### Collected material
((

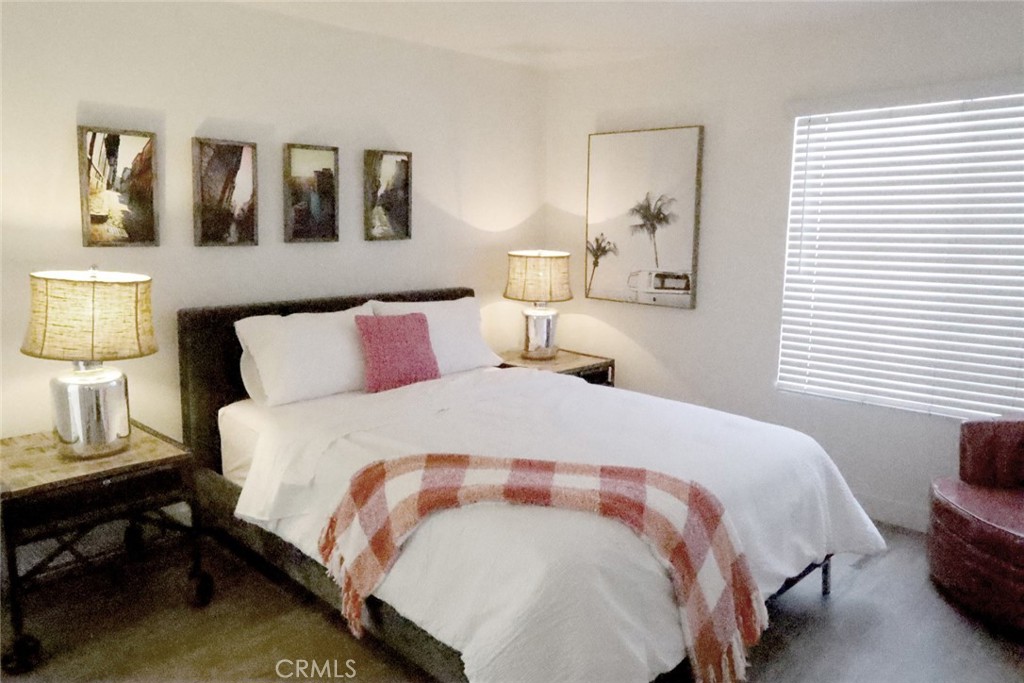 5550 Owensmouth Ave 210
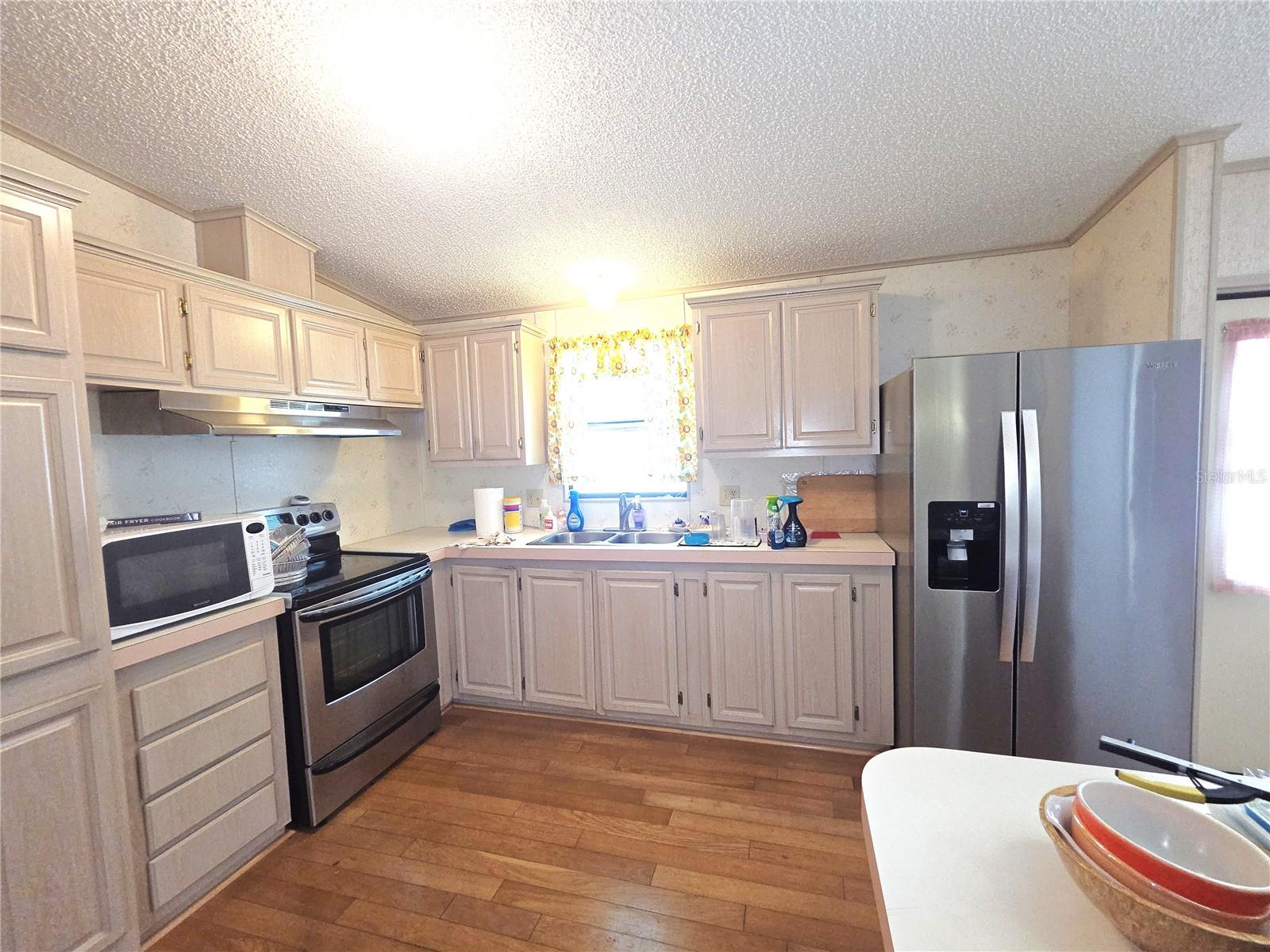 SWEETWATER GOLF & TENNIS CLUB ADD 01 - Residential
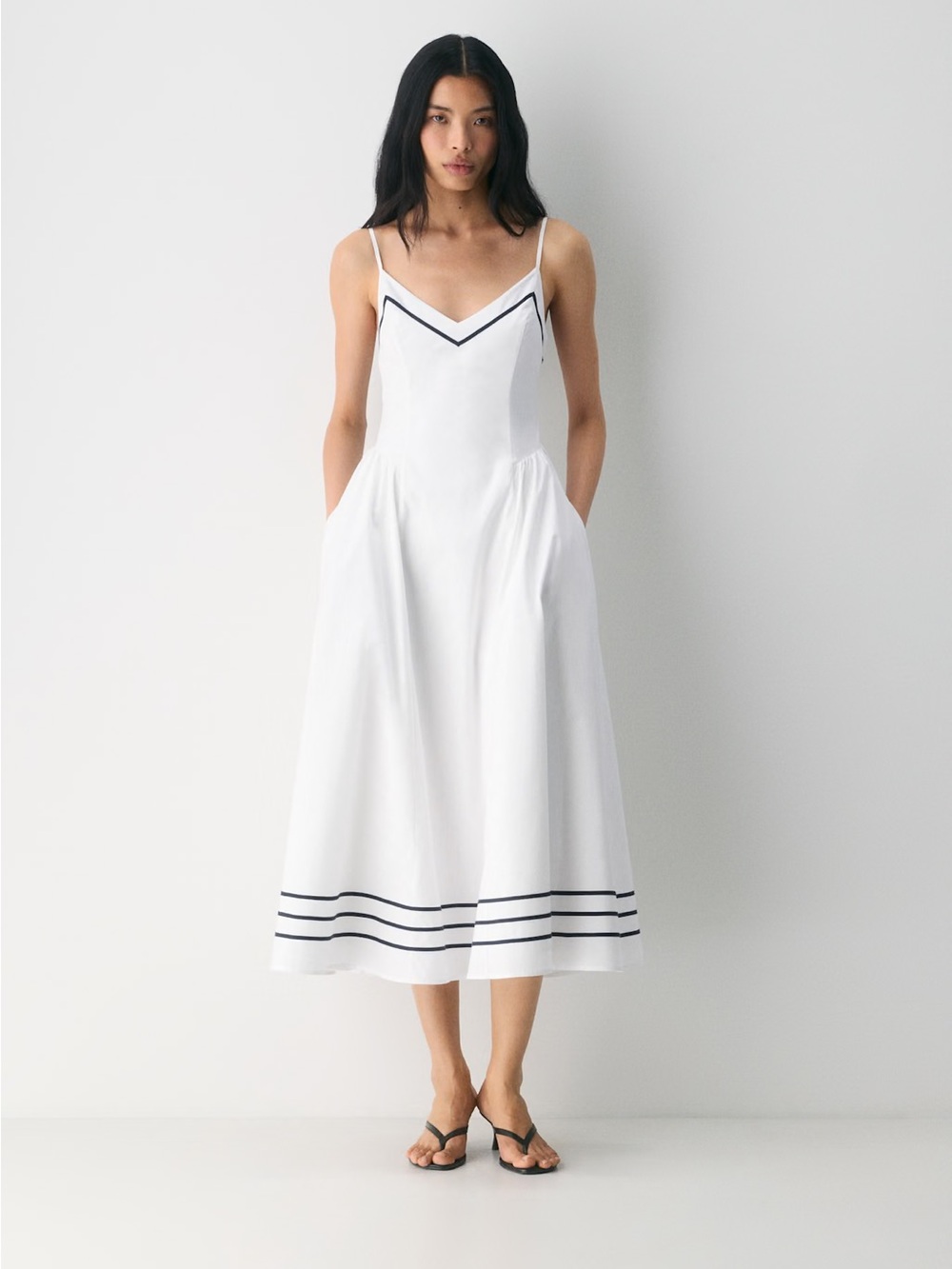 NEW Aritzia Technique Poplin Dress in Bright White/Admiral, Size 2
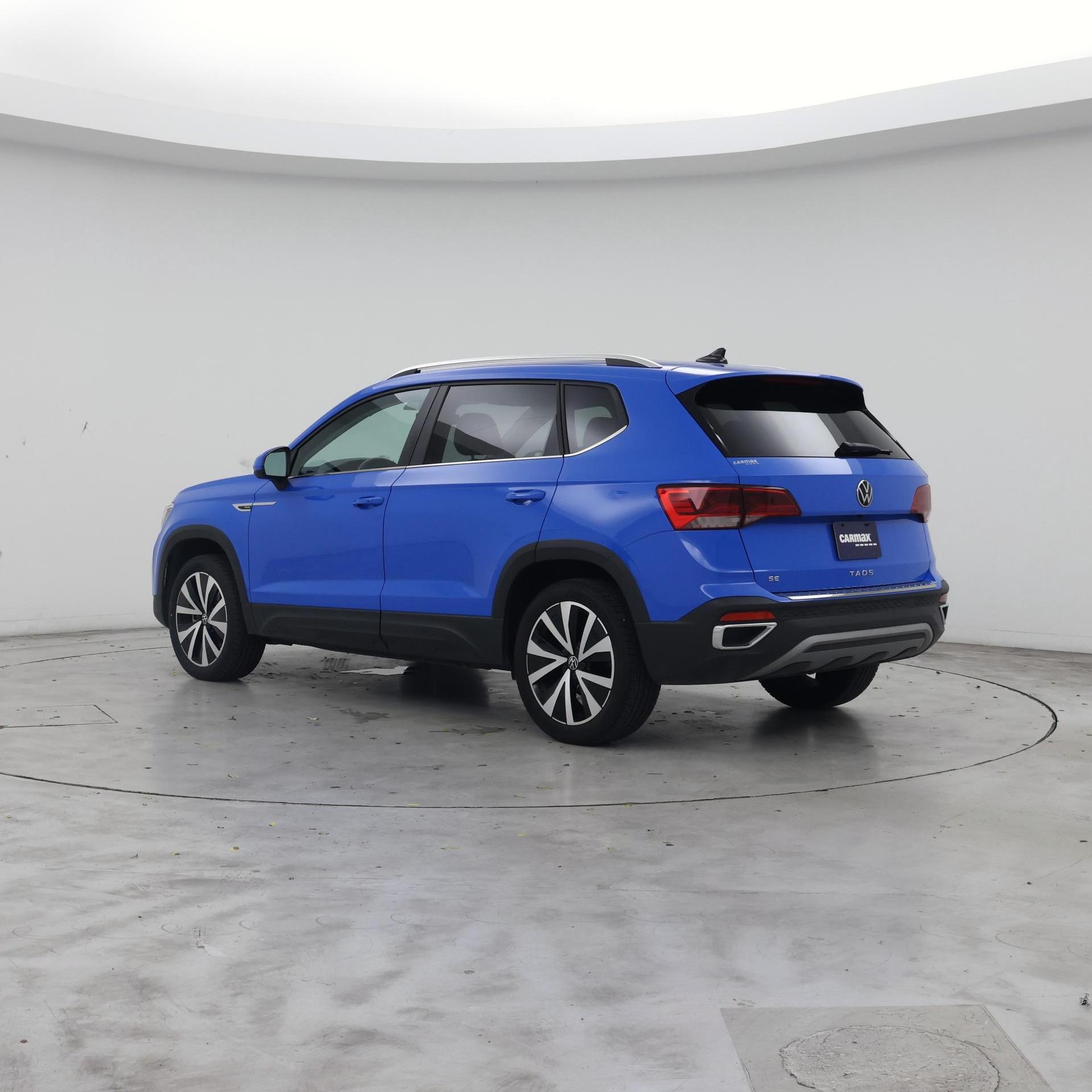 Thumbnail: 2023 Volkswagen Taos - 2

))

### Task to carry out
Could you restate the material word for word, skipping any pictures it holds?

### Expected answer
 5550 Owensmouth Ave 210
 SWEETWATER GOLF & TENNIS CLUB ADD 01 - Residential
 NEW Aritzia Technique Poplin Dress in Bright White/Admiral, Size 2
 Thumbnail: 2023 Volkswagen Taos - 2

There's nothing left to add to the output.